Finally we use the $\blue{7}$ to zero other rows in the last column.

$$\begin{align} \det\begin{bmatrix} \red{1} & \red{0} & \red{0} & \red{4} \\ \green{0} & \green{0} & \green{-5} & \green{0} \\ \darkyellow{0} & \darkyellow{-1} & \darkyellow{0} & \darkyellow{3} \\ \blue{0} & \blue{0} & \blue{0} & \blue{7} \\ \end{bmatrix} &= \det\begin{bmatrix} \magenta{1} & \magenta{0} & \magenta{0} & \magenta{0} \\ \green{0} & \green{0} & \green{-5} & \green{0} \\ \darkyellow{0} & \darkyellow{-1} & \darkyellow{0} & \darkyellow{3} \\ \blue{0} & \blue{0} & \blue{0} & \blue{7} \\ \end{bmatrix} \quad \magenta{\text{new row 1}} = \red{\text{old row 1}} + \left( -\frac{4}{7} \right) \cdot \blue{\text{row 4}} \\ &= \det\begin{bmatrix} \magenta{1} & \magenta{0} & \magenta{0} & \magenta{0} \\ \green{0} & \green{0} & \green{-5} & \green{0} \\ \red{0} & \red{-1} & \red{0} & \red{0} \\ \blue{0} & \blue{0} & \blue{0} & \blue{7} \\ \end{bmatrix} \quad \red{\text{new row 3}} = \darkyellow{\text{old row 3}} + \left( -\frac{3}{7} \right) \cdot \blue{\text{row 4}} \\ \end{align}$$

By linearity, we can bring the remaining numbers to front, and the determinant becomes $$ \red{(-1)}\green{(-5)}\blue7\det\begin{bmatrix} 1&0&0&0 \\ 0&0&1&0 \\ 0&1&0&0 \\ 0&0&0&1 \end{bmatrix}. $$ The remaining matrix can be turned into the identity matrix with one swap, so its determinant is $-1$, and we get $$ \red{(-1)}\green{(-5)}\blue7(-1) = -35. $$

Determinants and linear dependence/independence

If the rows of a determinant are linearly dependent, we can cancel one of them to zero by adding multiples of other rows into it. For example, if $\vec u = 2\vec v + 3\vec w$, then by adding row $\vec v$ to row $\vec u$ with multiplier $-2$, and row $\vec w$ to row $\vec u$ with multiplier $-2$, we get a determinant that has the row $$ \vec u - 2\vec v - 3\vec w = (0,0,\dots,0). $$ Because $$ (0,0,\dots,0) = \red 0(0,0,\dots,0), $$ and it is possible to bring the $\red 0$ in front of the determinant by linearity, a determinant containing a zero row is always zero. So, if the rows of a square matrix are linearly dependent, then the determinant is zero.
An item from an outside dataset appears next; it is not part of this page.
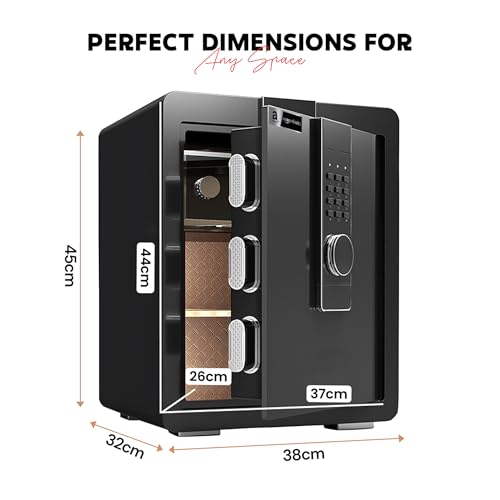 Image of Amazon Basics Pro Gross Capacity - 54L (Net - 49L), Digital Password Safe Locker Box for Home & Office | Electronic Security Locker Safe With Motorized Locking, Strong Steel Body, Anti Theft Design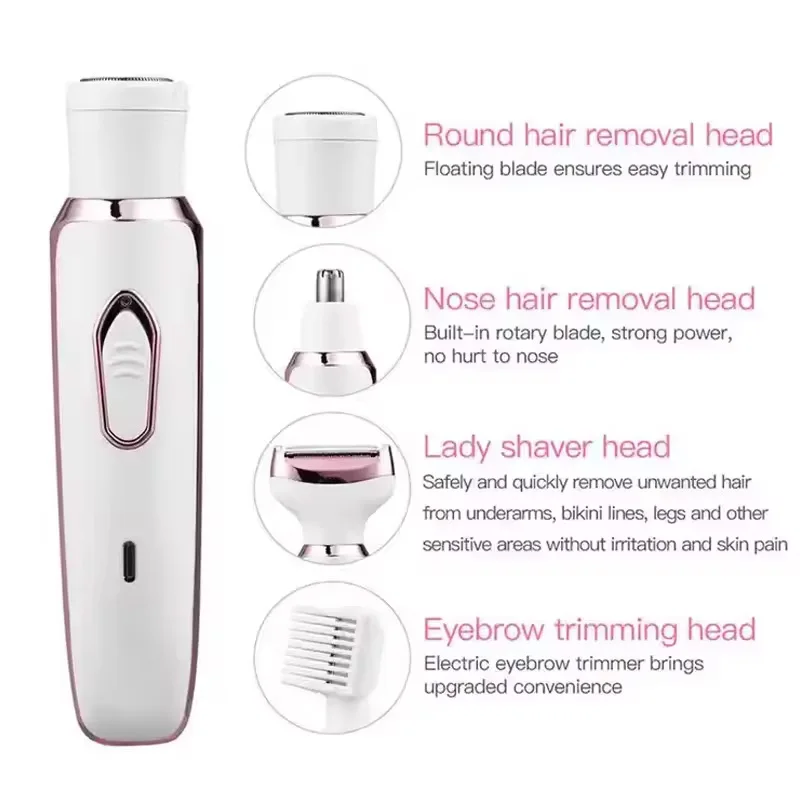 Portable Electric Hair Trimmer USB rechargeable 2-in-1 Mini painless Body shaver and Facial hair remover kit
If the rows are linearly independent, the matrix can be turned into the identity matrix with elementary row operations. Adding a multiple of one row to another doesn't change the determinant at all, and by linearity, multiplying a row by a nonzero number multiples the whole determinant by the same number. For that reason, if the rows of a matrix $A$ are linearly independent, we have $$ \det(A) = (\text{nonzero number})(\text{nonzero number})\dots (\text{nonzero number}) \det(I) \ne 0. $$

The rows of a square matrix $A$ are linearly dependent if and only if $\det(A) = 0$.

Determinants and invertibility

Let $A$ be a square matrix. In the past, we have seen that a matrix $A$ is invertible if and only if it is a square matrix and the columns are linearly independent. When working with transposes, we saw that the columns are linearly independent if and only if the rows are. Combining that with what we got above gives the following result.

A matrix $A$ is invertible if and only if it is a square matrix and $\det(A) \ne 0$.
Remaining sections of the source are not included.